Agriculture Act 1920
- Parliament of the United Kingdom
- Long title: An Act to amend the Corn Production Act, 1917, and the Enactments relating to Agricultural Holdings.
- Citation: 10 & 11 Geo. 5. c. 76
- Territorial extent: England and Wales; Scotland;

Dates
- Royal assent: 23 December 1920
- Commencement: 1 January 1921
- Repealed: 23 July 1958

Other legislation
- Amends: See § Repealed enactments
- Repeals/revokes: See § Repealed enactments
- Amended by: Agriculture (Amendment) Act 1921; Agricultural Holdings (Scotland) Act 1923; Agricultural Wages (Regulation) Act 1924; Housing Act 1925; Housing (Scotland) Act 1925; Agricultural Holdings Act 1923;
- Repealed by: Statute Law Revision Act 1958

Status: Repealed

Text of statute as originally enacted

= Agriculture Act 1920 =

Act of the Parliament of the United Kingdom

The Agriculture Act 1920 (10 & 11 Geo. 5. c. 76) was an Act of Parliament (United Kingdom) of the Parliament of the United Kingdom passed in December 1920 by the Coalition Government.

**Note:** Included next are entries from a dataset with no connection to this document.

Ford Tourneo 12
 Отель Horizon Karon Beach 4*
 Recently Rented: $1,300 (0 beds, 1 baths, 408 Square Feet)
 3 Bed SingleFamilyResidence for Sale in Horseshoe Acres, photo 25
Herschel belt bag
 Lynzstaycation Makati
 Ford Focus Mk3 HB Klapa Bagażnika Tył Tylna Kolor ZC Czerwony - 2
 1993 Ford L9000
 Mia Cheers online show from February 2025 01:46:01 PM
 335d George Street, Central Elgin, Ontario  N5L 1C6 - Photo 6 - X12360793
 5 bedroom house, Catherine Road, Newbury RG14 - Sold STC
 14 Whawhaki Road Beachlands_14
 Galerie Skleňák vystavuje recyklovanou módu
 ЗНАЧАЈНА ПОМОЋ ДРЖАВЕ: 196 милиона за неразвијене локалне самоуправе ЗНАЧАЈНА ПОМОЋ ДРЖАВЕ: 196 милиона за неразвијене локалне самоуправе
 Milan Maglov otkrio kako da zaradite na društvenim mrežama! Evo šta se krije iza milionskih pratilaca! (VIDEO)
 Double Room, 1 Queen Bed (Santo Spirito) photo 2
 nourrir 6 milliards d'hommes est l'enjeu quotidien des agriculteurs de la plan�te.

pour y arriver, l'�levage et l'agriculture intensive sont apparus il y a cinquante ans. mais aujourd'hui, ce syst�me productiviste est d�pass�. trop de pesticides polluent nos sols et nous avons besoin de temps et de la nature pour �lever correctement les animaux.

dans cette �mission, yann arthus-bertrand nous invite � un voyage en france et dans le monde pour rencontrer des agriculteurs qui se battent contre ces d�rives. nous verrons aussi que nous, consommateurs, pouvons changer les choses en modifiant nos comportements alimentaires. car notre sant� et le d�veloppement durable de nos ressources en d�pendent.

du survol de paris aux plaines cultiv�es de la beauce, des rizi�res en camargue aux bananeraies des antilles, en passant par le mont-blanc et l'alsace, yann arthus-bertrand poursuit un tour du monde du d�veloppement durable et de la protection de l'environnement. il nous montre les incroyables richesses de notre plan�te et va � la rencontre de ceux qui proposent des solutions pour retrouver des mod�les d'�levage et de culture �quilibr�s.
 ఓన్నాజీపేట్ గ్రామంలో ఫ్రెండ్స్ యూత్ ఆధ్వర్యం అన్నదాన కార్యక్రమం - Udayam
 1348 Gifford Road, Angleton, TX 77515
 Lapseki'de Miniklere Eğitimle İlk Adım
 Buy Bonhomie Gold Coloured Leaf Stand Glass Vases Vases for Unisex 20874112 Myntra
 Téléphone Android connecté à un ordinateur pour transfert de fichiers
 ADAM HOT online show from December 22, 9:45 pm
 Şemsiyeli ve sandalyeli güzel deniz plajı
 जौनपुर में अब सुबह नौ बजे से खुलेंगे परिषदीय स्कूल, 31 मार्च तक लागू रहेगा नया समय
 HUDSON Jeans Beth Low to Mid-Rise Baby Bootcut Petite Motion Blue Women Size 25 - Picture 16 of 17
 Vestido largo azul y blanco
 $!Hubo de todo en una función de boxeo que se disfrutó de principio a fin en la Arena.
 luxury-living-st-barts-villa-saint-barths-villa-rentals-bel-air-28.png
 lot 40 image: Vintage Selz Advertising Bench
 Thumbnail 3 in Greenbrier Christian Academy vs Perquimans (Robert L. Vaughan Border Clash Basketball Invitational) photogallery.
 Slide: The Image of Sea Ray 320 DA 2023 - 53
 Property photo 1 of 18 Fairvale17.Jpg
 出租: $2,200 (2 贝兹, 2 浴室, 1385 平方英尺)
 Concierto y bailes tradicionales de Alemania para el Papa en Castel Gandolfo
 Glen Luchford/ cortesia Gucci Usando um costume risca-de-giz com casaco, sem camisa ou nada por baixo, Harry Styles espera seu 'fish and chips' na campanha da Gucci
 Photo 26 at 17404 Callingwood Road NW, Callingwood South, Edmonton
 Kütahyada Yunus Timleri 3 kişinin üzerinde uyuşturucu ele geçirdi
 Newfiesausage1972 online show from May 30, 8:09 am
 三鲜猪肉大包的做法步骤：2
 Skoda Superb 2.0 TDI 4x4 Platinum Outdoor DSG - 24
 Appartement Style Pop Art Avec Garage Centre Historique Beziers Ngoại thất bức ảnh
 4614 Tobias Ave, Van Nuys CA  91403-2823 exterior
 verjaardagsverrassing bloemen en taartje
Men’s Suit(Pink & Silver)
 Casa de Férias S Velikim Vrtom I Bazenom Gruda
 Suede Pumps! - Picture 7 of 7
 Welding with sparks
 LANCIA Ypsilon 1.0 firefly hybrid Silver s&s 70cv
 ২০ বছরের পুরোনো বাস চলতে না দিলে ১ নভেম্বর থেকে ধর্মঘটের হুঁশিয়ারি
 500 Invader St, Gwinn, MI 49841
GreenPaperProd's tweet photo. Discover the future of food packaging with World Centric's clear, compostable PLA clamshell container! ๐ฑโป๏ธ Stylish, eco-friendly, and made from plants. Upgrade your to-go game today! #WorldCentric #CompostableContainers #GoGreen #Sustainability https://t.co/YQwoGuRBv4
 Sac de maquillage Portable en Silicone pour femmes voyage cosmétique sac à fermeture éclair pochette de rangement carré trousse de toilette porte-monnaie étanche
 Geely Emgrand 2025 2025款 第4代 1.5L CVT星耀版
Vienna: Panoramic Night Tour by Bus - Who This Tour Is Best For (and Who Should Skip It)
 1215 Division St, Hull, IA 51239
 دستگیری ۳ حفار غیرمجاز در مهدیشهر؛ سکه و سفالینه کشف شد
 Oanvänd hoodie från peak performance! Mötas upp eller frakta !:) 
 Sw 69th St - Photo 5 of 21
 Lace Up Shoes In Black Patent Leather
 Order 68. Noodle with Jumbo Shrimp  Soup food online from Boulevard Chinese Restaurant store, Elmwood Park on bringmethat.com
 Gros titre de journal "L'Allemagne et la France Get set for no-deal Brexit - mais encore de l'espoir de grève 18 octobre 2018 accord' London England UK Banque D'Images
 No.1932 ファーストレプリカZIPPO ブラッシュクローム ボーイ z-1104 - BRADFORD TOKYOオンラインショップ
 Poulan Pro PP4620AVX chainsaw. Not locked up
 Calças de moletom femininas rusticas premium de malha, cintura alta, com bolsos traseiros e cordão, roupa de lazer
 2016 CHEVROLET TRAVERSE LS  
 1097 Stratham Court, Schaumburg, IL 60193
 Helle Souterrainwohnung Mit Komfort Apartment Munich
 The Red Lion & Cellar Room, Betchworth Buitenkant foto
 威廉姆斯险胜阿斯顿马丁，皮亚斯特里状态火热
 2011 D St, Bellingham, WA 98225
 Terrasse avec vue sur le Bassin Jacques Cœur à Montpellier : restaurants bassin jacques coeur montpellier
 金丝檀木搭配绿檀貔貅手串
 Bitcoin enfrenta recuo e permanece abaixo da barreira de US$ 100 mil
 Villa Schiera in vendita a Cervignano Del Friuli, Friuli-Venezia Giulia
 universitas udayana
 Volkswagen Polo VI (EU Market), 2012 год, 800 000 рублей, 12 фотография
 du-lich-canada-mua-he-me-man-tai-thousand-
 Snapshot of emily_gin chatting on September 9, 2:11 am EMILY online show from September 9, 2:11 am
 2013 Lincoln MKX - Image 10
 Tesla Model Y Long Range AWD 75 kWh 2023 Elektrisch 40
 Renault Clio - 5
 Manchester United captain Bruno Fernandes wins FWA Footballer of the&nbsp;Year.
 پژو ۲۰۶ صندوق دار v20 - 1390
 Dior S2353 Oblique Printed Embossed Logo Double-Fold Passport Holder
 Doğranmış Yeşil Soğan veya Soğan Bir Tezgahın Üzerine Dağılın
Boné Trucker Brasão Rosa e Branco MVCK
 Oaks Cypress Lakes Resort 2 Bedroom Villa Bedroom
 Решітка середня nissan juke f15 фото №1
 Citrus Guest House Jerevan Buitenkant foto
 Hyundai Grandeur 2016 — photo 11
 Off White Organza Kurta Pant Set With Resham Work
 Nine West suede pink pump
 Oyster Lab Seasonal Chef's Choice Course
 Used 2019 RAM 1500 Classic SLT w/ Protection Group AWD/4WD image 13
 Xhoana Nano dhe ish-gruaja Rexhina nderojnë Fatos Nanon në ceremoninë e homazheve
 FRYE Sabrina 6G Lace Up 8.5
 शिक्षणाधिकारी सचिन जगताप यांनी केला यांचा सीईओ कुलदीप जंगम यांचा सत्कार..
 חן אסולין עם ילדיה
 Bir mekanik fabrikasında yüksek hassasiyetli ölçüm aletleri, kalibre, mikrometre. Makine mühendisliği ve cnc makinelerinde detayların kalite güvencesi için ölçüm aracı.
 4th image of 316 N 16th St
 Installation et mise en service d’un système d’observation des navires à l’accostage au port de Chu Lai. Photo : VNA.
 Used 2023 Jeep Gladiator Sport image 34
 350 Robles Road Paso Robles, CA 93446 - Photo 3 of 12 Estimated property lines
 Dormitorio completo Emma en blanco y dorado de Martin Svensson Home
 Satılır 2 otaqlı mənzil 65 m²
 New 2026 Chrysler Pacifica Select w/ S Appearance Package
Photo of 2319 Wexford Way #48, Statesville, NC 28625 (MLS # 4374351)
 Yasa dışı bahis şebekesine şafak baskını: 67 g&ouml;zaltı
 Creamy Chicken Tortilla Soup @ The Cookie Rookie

It was designed to support price guarantees for agricultural products, and to maintain minimum wages for farm labourers. However, it proved ineffective; the guarantees were abandoned in July 1921, with the relevant parts of the act repealed, and the price of wheat crashed from 84s 7d a quarter to 44s 7d within one year – a drop of 48%.

The act had established wage committees to fix minimum agricultural pay; these, too, were soon abandoned. A replacement system of "conciliation committees" was set up to mediate between employers and labourers, but these had no legal powers, and the average weekly wage fell from 46s at the beginning of 1921 to 36s by the end of the year, and to 28s a week within eighteen months of the repeal.

The next attempt to fix agricultural wages would be Labour's Agricultural Wages (Regulation) Act 1924 14 & 15 Geo. 5. c. 37).

== Provisions ==
=== Repealed enactments ===
Section 29 of the act repealed so much of the Agricultural Holdings Act 1908 (8 Edw. 7. c. 28) as specified in the first schedule to the act.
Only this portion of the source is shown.